PROBLEM STATEMENT ::
Repeat every record below, word for word.

Records from a data collection
===============

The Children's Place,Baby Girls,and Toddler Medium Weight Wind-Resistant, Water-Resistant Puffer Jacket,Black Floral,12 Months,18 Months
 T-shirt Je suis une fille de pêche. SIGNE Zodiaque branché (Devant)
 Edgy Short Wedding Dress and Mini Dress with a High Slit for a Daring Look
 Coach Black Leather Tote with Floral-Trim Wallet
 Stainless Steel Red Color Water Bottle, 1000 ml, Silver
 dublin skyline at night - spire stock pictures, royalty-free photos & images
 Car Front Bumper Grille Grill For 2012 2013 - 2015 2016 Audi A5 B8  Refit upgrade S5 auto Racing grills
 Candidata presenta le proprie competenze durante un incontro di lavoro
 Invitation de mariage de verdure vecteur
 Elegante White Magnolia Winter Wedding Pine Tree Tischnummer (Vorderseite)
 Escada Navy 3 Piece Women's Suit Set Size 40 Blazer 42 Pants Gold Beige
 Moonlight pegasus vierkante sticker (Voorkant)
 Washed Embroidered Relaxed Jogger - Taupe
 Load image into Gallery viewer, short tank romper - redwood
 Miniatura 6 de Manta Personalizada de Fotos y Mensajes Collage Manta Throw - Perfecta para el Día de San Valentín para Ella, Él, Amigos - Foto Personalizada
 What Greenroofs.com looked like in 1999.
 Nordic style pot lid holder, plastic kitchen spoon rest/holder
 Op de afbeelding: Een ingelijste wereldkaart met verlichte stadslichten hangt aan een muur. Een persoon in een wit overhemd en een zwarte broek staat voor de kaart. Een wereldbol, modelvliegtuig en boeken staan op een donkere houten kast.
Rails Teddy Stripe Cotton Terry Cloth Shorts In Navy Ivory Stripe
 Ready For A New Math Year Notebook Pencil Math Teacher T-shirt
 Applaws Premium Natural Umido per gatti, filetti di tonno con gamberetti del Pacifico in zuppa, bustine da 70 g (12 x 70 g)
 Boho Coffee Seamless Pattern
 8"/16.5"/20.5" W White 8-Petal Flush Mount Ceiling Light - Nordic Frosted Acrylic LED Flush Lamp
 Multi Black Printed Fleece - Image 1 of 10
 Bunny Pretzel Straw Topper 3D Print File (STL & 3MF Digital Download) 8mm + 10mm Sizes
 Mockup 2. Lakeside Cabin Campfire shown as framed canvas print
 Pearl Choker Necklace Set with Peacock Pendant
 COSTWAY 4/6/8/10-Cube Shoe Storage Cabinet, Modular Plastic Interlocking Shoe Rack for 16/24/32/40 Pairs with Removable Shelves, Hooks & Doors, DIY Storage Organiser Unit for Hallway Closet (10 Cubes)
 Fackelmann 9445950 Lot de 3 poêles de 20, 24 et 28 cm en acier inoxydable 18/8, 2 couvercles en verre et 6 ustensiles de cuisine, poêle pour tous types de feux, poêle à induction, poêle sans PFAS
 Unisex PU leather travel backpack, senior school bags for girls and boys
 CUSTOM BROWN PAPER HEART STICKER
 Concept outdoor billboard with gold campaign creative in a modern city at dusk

===============

TASK ANSWER ::
The Children's Place,Baby Girls,and Toddler Medium Weight Wind-Resistant, Water-Resistant Puffer Jacket,Black Floral,12 Months,18 Months
 T-shirt Je suis une fille de pêche. SIGNE Zodiaque branché (Devant)
 Edgy Short Wedding Dress and Mini Dress with a High Slit for a Daring Look
 Coach Black Leather Tote with Floral-Trim Wallet
 Stainless Steel Red Color Water Bottle, 1000 ml, Silver
 dublin skyline at night - spire stock pictures, royalty-free photos & images
 Car Front Bumper Grille Grill For 2012 2013 - 2015 2016 Audi A5 B8  Refit upgrade S5 auto Racing grills
 Candidata presenta le proprie competenze durante un incontro di lavoro
 Invitation de mariage de verdure vecteur
 Elegante White Magnolia Winter Wedding Pine Tree Tischnummer (Vorderseite)
 Escada Navy 3 Piece Women's Suit Set Size 40 Blazer 42 Pants Gold Beige
 Moonlight pegasus vierkante sticker (Voorkant)
 Washed Embroidered Relaxed Jogger - Taupe
 Load image into Gallery viewer, short tank romper - redwood
 Miniatura 6 de Manta Personalizada de Fotos y Mensajes Collage Manta Throw - Perfecta para el Día de San Valentín para Ella, Él, Amigos - Foto Personalizada
 What Greenroofs.com looked like in 1999.
 Nordic style pot lid holder, plastic kitchen spoon rest/holder
 Op de afbeelding: Een ingelijste wereldkaart met verlichte stadslichten hangt aan een muur. Een persoon in een wit overhemd en een zwarte broek staat voor de kaart. Een wereldbol, modelvliegtuig en boeken staan op een donkere houten kast.
Rails Teddy Stripe Cotton Terry Cloth Shorts In Navy Ivory Stripe
 Ready For A New Math Year Notebook Pencil Math Teacher T-shirt
 Applaws Premium Natural Umido per gatti, filetti di tonno con gamberetti del Pacifico in zuppa, bustine da 70 g (12 x 70 g)
 Boho Coffee Seamless Pattern
 8"/16.5"/20.5" W White 8-Petal Flush Mount Ceiling Light - Nordic Frosted Acrylic LED Flush Lamp
 Multi Black Printed Fleece - Image 1 of 10
 Bunny Pretzel Straw Topper 3D Print File (STL & 3MF Digital Download) 8mm + 10mm Sizes
 Mockup 2. Lakeside Cabin Campfire shown as framed canvas print
 Pearl Choker Necklace Set with Peacock Pendant
 COSTWAY 4/6/8/10-Cube Shoe Storage Cabinet, Modular Plastic Interlocking Shoe Rack for 16/24/32/40 Pairs with Removable Shelves, Hooks & Doors, DIY Storage Organiser Unit for Hallway Closet (10 Cubes)
 Fackelmann 9445950 Lot de 3 poêles de 20, 24 et 28 cm en acier inoxydable 18/8, 2 couvercles en verre et 6 ustensiles de cuisine, poêle pour tous types de feux, poêle à induction, poêle sans PFAS
 Unisex PU leather travel backpack, senior school bags for girls and boys
 CUSTOM BROWN PAPER HEART STICKER
 Concept outdoor billboard with gold campaign creative in a modern city at dusk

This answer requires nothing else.